The pool is a contiguous array of fixed size buffers in shared memory. Each buffer holds exactly one 8 KB page. The number of slots equals shared_buffers / 8 KB. With shared_buffers = 8 GB you get about one million buffer slots.

When the pool is full, Postgres uses a clock-sweep eviction algorithm. Each buffer has a usage_count between 0 and 5. The sweeper rotates through buffers, decrementing the count on each pass. When it finds a buffer with count zero and no pin, it evicts it. Hot pages keep getting their counts bumped on use and survive.

A few rules of thumb every Postgres operator learns the hard way:

Set shared_buffers to about 25 percent of system RAM as a starting point. Going higher rarely helps because Postgres relies on the OS file cache for the rest.
Set effective_cache_size to about 50-75 percent of system RAM. This is a hint to the planner, not a real allocation.
work_mem is per sort or hash node, per query, per backend. A query with three sorts running on 200 connections can use 3 * 200 * work_mem bytes. Be careful when raising this.
If queries spill to disk because work_mem is too small, you will see Sort Method: external merge Disk: 64MB in EXPLAIN ANALYZE. That is your signal.

The full memory tuning reference is in the Resource Consumption chapter, with practical advice in the Fastware shared_buffers and work_mem guide.
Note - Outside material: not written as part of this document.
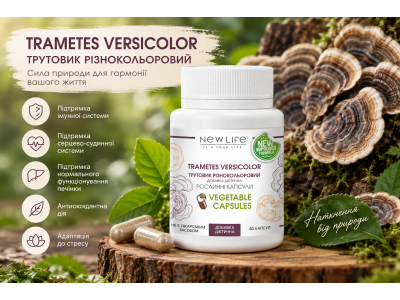 Траметес разноцветный (Trametes versicolor): что это за гриб и чем интересна новинка NEW LIFE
On Disk: Pages, Tuples, and the Heap

Every Postgres table is stored as a heap file of fixed size pages, exactly as covered in the How Databases Store Data Internally post. Each page is 8 KB and uses a slotted page layout.

flowchart TB
    subgraph Page["fa:fa-file One Page (8 KB)"]
        direction TB
        H["<b>Page Header</b><br/>LSN, checksum,<br/>free space pointers"]
        SA["<b>Slot Array</b><br/>line pointers (item ids)"]
        Free["<b>Free Space</b>"]
        Tup["<b>Tuples</b><br/>grow upward<br/>from end of page"]
        Special["<b>Special Space</b><br/>(index pages only)"]
        H --> SA --> Free --> Tup --> Special
    end

    classDef hdr fill:#dbeafe,stroke:#1d4ed8,stroke-width:2px,color:#0f172a
    classDef arr fill:#fff3e0,stroke:#f57c00,stroke-width:2px,color:#0f172a
    classDef free fill:#f5f5f5,stroke:#64748b,stroke-width:2px,color:#0f172a
    classDef tup fill:#c8e6c9,stroke:#388e3c,stroke-width:2px,color:#0f172a
    class H hdr
    class SA arr
    class Free free
    class Tup,Special tup

Each row Postgres stores is called a tuple. Every tuple has a fixed sized header followed by the column data. The header carries the transaction visibility information that powers MVCC:

xmin: the transaction id that inserted this tuple.
xmax: the transaction id that deleted or updated this tuple, or 0 if still live.
cmin / cmax: command ids inside a transaction.
ctid: a (page, offset) pair, used as the physical address.
A handful of flag bits including the hint bits described in the Postgres wiki.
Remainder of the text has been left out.